__WORK TO BE COMPLETED__:
Write the records below out in full, character for character, with no pictures.

Image-text web data
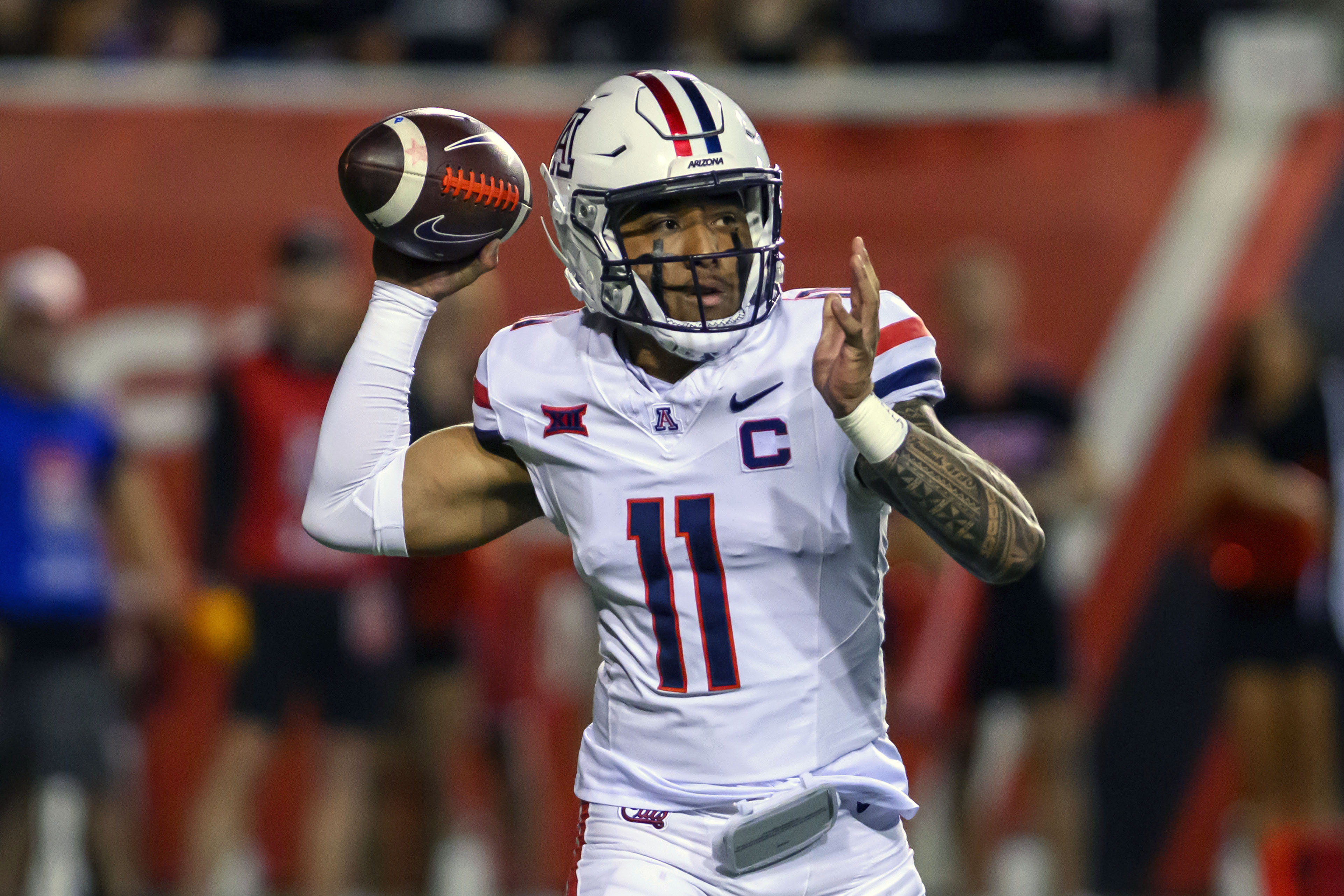 Fifita throws 2 TDs and Arizona's defense stops No. 10 Utah on four 4th downs in 23-10 win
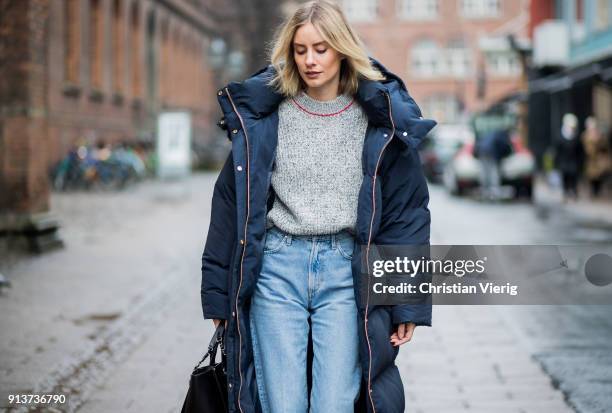 Lisa Hahnbueck wearing navy Tommy Hilfiger x Gigi Hadid down feather jacket coat, Victoria Beckham knit, Goldsign denim jeans, Mai Piu Senza velvet...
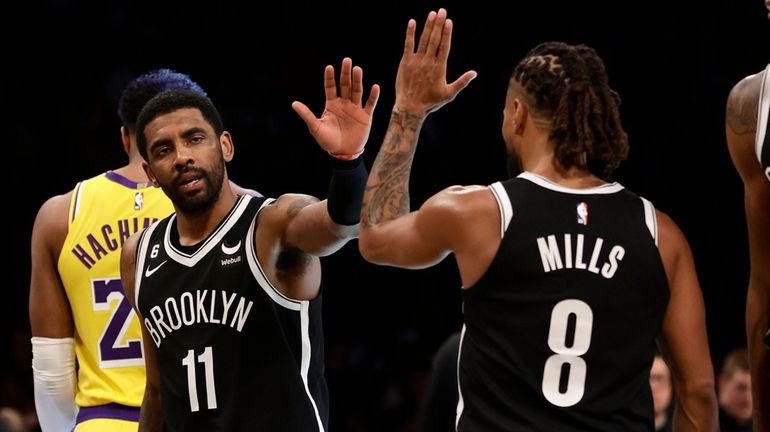 Kyrie Irving and Patty Mills of the Nets react after a...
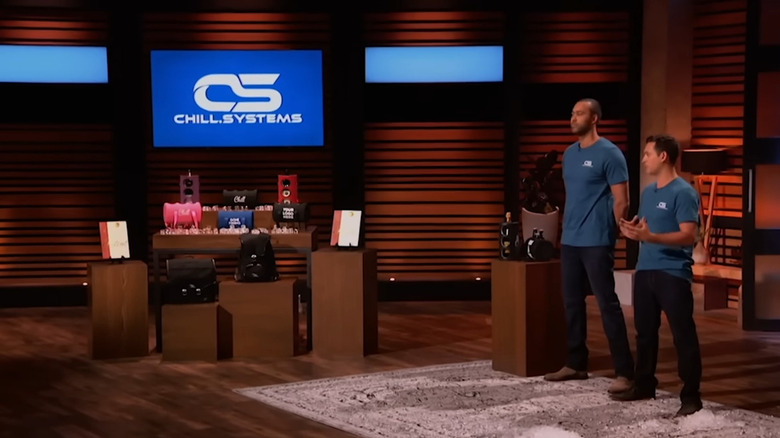 Brian and Chase talking next to Chill Systems display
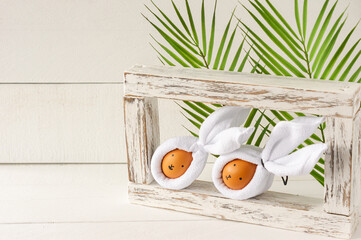 Easter Bunny ears made from napkins and eggs. Festive decoration for holiday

__ANSWER BELOW__:
 Fifita throws 2 TDs and Arizona's defense stops No. 10 Utah on four 4th downs in 23-10 win
 Lisa Hahnbueck wearing navy Tommy Hilfiger x Gigi Hadid down feather jacket coat, Victoria Beckham knit, Goldsign denim jeans, Mai Piu Senza velvet...
 Kyrie Irving and Patty Mills of the Nets react after a...
 Brian and Chase talking next to Chill Systems display
 Easter Bunny ears made from napkins and eggs. Festive decoration for holiday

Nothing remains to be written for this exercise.